Les métastases diffuses à l’ensemble de la glande pituitaire ne
sont pas rares (5). Les manifestations cliniques initiales ne sont
présentes que dans 5 à 15 % des cas. Le diabète insipide peut
être la première manifestation clinique quelle que soit la tumeur
primitive (4, 6, 9, 10, 13, 15, 16). Les autres signes le plus fréquemment rapportés sont une paralysie de la troisième paire
crânienne et des céphalées rétro-orbitaires (3, 5).
Dans le cas clinique rapporté, le syndrome polyuro-polydypsique
a été la première manifestation clinique endocrinienne révélatrice de l’insuffisance pituitaire.
La rapidité de l’installation et de la progression des symptômes
endocriniens doit faire évoquer une métastase pituitaire (9).
L’apparition d’un diabète insipide est fortement évocatrice de
métastases (4, 13).
L’atteinte du lobe postérieur de la glande pituitaire est le plus souvent siège de la métastase.

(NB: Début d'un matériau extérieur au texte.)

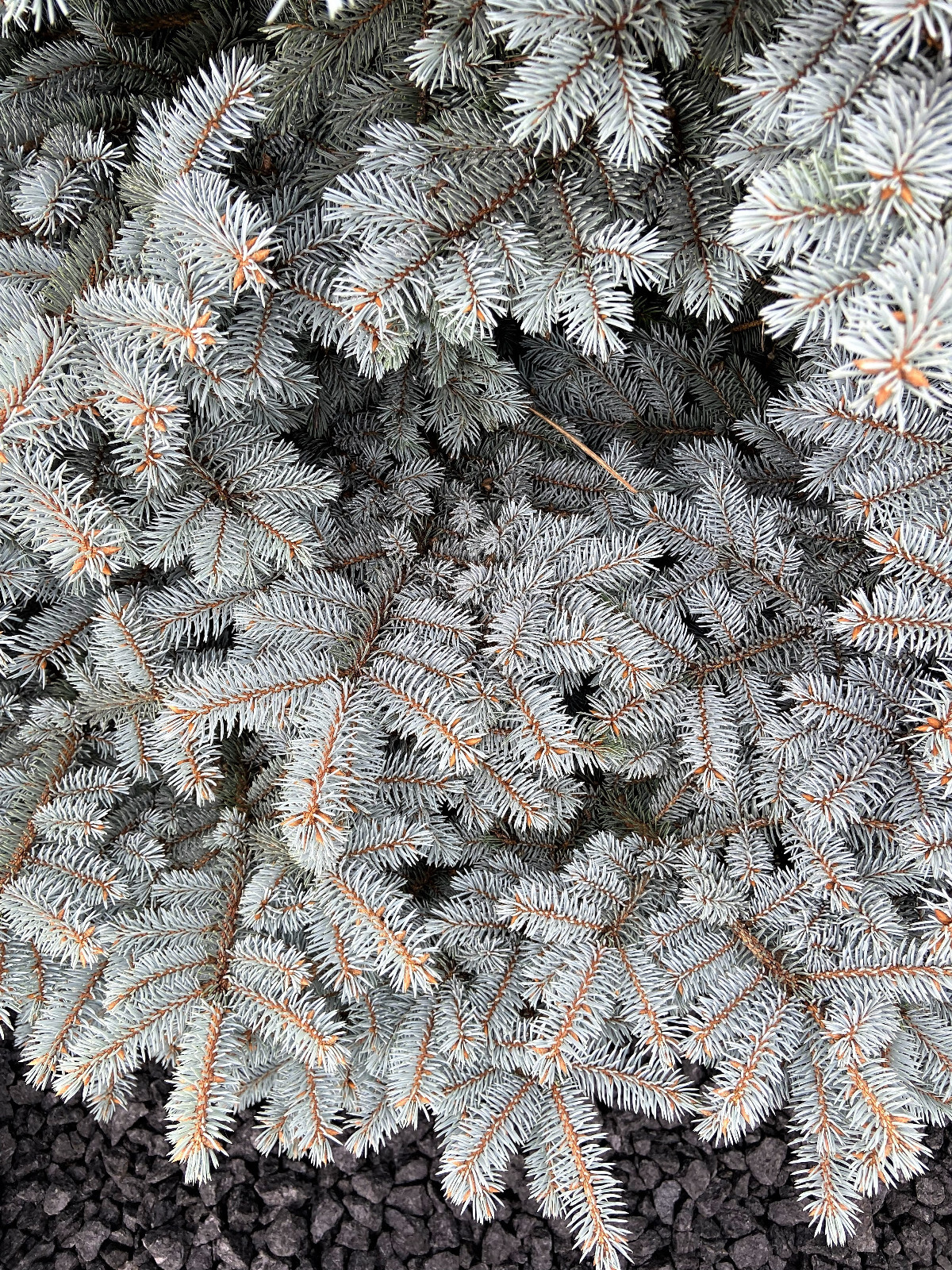 50 Colorado BLUE SPRUCE Tree Picea Pungens Glauca Christmas Tree Silver Seeds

Cela pourrait être expliqué par la vascularisation propre de ce lobe (10).
La Lettre du Cancérologue - Volume XII - no 5 - septembre-octobre 2003
L’IRM avec l’injection de gadolinium est l’examen radiologique
de référence.
Le traitement de cette localisation métastatique n’est pas
univoque (15). Il doit être discuté d’une part en fonction de
l’évolution métastatique et, d’autre part, du contrôle de la
tumeur primitive.
Il a pour objectif premier d’améliorer, outre la survie, la
qualité de cette survie par décompression des voies optiques et
prévention ou amélioration des phénomènes de compression
ventriculaire.
Le traitement chirurgical peut être proposé, comme dans ce cas
clinique, chez des patients en bon état général sans évolutivité,
avec un recul suffisant de leur pathologie cancéreuse primitive
et métastatique. Cet acte chirurgical peut être complété par une
radiothérapie de l’encéphale in toto avec prise de la région
hypophysaire dans le volume irradié.
Des médianes de survie de douze mois ont pu ainsi être
observées (3).
La radiothérapie palliative, associée à un traitement endocrinien
substitutif, demeure le traitement de première intention en cas de
pathologie tumorale par ailleurs non contrôlée.